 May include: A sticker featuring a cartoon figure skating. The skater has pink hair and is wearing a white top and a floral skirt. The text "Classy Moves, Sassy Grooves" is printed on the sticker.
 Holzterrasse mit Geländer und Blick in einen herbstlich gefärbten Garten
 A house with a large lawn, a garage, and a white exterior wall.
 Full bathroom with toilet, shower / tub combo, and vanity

---

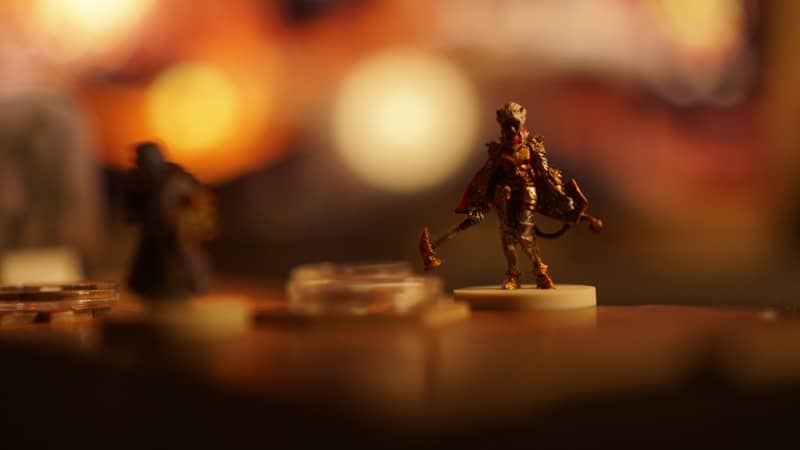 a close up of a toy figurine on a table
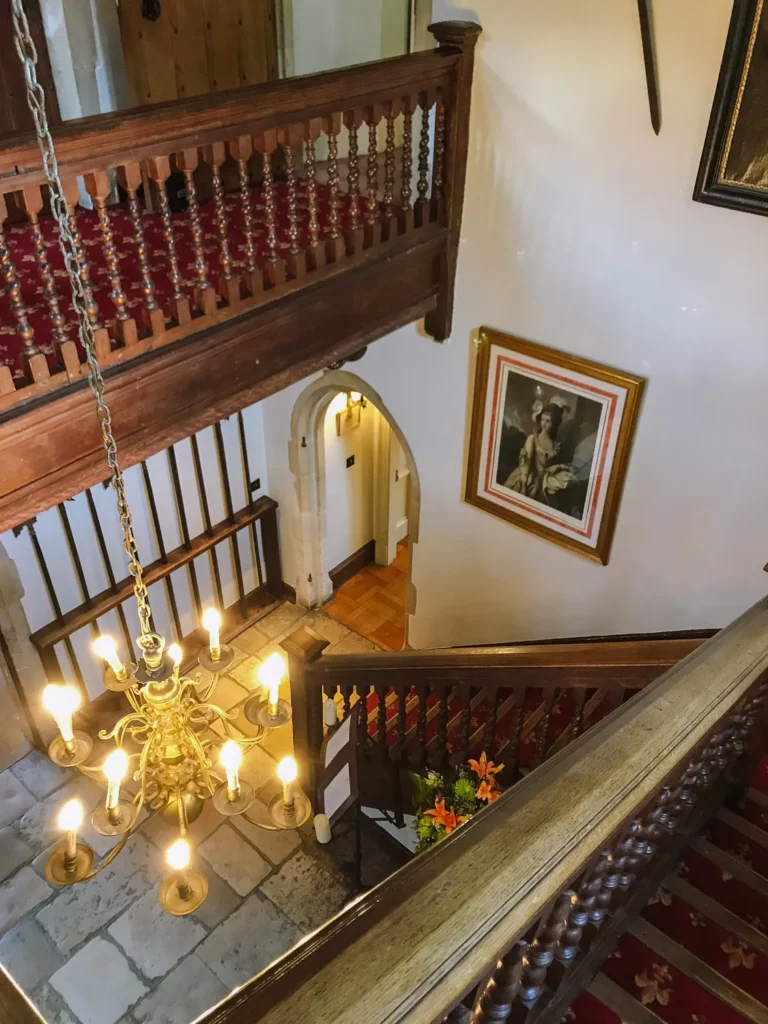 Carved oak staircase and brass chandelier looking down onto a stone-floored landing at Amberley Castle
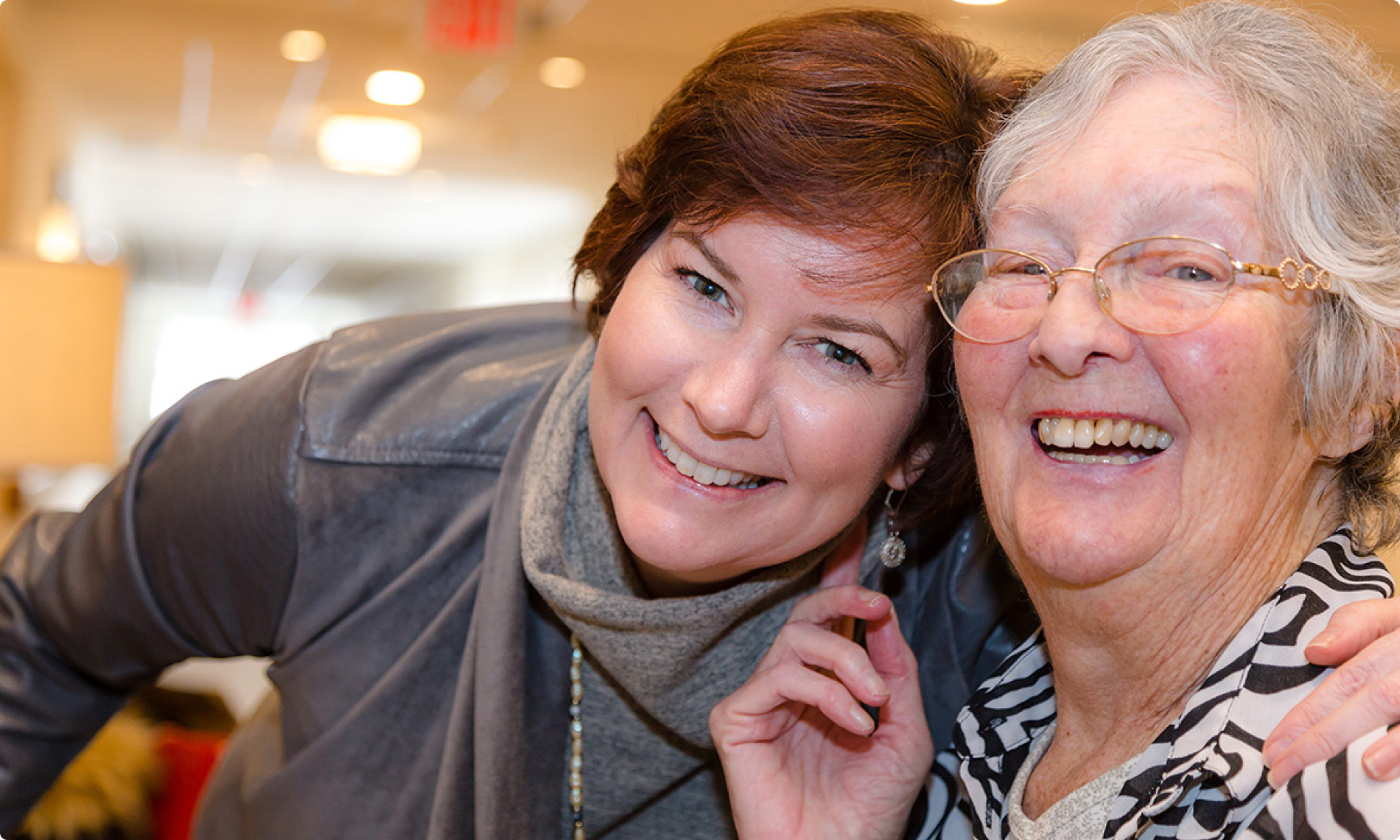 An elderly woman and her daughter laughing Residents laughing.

Required action: What you return must match the lines above from the one with "a close up of a toy figurine on a table" through the one with "An elderly woman" exactly, with both ends included and the pictures excluded.

Task answer:
 a close up of a toy figurine on a table
 Carved oak staircase and brass chandelier looking down onto a stone-floored landing at Amberley Castle
 An elderly woman and her daughter laughing Residents laughing.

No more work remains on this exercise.